On a steel-skied summer day I dropped by the Northern Ireland Assembly to watch legislators discuss anti-immigrant riots, each speaker straining to upstage the last in outrage and fervor. To my eyes, though, the drama of the day’s debate was utterly eclipsed by the improbable scene itself: such a collection of people in such a place as this.
There was First Minister Michelle O’Neill, the daughter of an Irish Republican Army member and the first Catholic to lead Northern Ireland, which was carved from the rest of the Irish island a century ago as a bastion of Protestant supremacy. The deputy first minister, Emma Little-Pengelly, is the daughter of a former Protestant paramilitary gun runner. In the back rows I spotted Gerry Kelly, onetime I.R.A. bomber of London’s Old Bailey criminal court, now a blazer-clad minister representing North Belfast.

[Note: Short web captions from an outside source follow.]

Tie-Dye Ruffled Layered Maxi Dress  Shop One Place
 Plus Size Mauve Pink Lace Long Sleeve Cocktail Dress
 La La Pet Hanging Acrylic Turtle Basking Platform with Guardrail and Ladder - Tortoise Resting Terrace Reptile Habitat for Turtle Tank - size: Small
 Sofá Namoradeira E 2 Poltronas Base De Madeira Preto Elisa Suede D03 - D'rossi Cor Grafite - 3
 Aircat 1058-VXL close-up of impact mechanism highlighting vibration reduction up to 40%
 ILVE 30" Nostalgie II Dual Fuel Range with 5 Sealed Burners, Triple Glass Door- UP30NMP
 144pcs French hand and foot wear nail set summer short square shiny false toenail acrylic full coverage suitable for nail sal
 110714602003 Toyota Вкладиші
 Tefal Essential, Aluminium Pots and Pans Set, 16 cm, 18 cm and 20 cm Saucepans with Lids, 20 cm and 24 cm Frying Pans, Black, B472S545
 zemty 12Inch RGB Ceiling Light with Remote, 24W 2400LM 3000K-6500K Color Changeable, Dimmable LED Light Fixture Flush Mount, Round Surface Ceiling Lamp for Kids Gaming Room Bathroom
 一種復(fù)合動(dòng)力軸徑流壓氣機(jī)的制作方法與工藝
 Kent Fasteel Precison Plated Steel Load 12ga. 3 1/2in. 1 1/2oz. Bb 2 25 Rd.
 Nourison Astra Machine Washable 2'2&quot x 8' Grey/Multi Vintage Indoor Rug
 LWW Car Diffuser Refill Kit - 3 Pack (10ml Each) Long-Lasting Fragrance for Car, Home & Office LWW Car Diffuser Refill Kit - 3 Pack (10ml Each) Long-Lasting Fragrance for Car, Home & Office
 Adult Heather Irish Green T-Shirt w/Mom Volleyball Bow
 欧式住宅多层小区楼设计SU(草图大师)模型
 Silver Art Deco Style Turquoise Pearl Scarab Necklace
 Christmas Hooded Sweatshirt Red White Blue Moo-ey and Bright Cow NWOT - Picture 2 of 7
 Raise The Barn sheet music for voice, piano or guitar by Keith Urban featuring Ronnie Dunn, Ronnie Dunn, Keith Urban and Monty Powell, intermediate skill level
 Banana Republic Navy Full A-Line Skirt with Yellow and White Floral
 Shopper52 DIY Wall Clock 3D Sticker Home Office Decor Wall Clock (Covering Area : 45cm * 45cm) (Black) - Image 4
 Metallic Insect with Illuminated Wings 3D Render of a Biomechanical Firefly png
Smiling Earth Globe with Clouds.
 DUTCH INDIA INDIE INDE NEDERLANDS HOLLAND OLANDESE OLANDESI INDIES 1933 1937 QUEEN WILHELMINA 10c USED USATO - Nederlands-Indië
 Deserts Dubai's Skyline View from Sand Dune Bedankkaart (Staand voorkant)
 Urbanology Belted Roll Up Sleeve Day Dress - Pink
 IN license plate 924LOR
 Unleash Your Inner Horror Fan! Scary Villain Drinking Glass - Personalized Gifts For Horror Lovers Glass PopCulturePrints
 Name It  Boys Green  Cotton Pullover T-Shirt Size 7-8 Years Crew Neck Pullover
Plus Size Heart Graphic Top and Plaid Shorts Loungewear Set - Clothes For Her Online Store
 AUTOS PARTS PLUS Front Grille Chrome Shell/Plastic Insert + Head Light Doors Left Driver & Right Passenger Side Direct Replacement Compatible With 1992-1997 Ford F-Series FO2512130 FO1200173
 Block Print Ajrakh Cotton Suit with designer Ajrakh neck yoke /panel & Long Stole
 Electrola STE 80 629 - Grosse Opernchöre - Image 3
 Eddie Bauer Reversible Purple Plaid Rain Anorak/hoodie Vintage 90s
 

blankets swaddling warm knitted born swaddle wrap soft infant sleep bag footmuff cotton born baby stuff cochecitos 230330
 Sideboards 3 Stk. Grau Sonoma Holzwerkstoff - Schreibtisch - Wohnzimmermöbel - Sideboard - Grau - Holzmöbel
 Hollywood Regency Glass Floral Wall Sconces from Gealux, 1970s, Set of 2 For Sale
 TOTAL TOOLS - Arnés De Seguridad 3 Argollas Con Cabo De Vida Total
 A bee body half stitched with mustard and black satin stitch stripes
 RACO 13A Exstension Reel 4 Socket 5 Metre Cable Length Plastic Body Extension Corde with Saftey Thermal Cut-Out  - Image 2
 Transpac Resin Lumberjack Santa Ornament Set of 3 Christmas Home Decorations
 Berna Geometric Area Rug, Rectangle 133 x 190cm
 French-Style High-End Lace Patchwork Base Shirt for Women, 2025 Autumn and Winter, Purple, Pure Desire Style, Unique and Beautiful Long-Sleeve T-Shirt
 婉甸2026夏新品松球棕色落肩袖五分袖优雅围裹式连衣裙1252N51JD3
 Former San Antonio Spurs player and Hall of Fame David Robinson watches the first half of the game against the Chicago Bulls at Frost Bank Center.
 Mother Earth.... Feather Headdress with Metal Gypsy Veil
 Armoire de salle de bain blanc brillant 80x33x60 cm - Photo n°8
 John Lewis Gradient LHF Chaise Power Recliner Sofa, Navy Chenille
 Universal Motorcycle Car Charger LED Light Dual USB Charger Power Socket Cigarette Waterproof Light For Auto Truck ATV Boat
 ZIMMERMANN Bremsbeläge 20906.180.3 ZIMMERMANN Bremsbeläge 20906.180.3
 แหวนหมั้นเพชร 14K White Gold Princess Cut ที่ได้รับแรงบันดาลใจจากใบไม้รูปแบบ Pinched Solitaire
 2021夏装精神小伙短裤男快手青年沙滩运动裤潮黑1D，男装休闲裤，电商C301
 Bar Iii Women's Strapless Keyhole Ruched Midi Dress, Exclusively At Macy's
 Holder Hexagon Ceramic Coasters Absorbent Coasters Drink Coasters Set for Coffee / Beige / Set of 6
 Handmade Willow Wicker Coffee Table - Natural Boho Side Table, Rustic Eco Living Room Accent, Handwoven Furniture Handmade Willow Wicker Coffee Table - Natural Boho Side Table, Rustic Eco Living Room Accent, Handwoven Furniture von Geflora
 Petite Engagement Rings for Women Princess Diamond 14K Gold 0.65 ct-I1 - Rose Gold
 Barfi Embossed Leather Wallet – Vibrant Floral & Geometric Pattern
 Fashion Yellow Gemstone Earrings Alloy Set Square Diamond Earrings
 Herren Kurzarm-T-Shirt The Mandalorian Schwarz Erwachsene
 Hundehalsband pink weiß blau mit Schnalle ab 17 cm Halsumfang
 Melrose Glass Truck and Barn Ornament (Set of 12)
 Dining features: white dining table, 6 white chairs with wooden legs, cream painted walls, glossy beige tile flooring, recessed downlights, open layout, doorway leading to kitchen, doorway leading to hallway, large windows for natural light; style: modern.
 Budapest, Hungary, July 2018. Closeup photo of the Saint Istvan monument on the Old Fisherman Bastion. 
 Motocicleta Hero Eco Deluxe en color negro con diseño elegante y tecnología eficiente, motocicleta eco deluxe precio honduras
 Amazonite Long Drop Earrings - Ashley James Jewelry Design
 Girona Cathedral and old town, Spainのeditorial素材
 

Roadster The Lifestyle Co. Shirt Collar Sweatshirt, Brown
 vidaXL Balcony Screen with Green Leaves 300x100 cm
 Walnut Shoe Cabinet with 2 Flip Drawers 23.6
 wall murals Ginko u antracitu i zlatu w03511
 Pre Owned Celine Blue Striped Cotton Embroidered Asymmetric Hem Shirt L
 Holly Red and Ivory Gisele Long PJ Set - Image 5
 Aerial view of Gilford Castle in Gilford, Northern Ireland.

These politicians grew up in communities that battled one another bitterly for about 30 years before finally making peace in 1998. The conflict euphemistically called the Troubles still lingers uncomfortably close to the surface. Predictably, it was invoked in the debate, with the hard-line conservative Timothy Gaston suggesting that Ms. O’Neill was a hypocrite for denouncing anti-immigrant violence. Hadn’t she claimed that there had been no alternative to the armed republican uprising of the Troubles? “I hear from people regularly who see that violence has worked for others in Northern Ireland,” Mr. Gaston said darkly.
Odd as it sounds, I felt inspired watching this verbal sparring in the grand, gloomy hall of Stormont, the vast hilltop complex designed for a “Protestant Parliament and a Protestant state.” This onetime monument to perpetual sectarian supremacy is now the seat of a government in which the communities share power.
A pacified Belfast made a welcome contrast to the relentless carnage in Gaza, a place where I used to report. Here was a negotiated peace, unsteady though it may be. Northern Ireland is veined with frustrated hope and unsettled grievance, but it is also vivid proof that a dirty war fought around questions of identity can be channeled into a peaceful, albeit fraught, politics.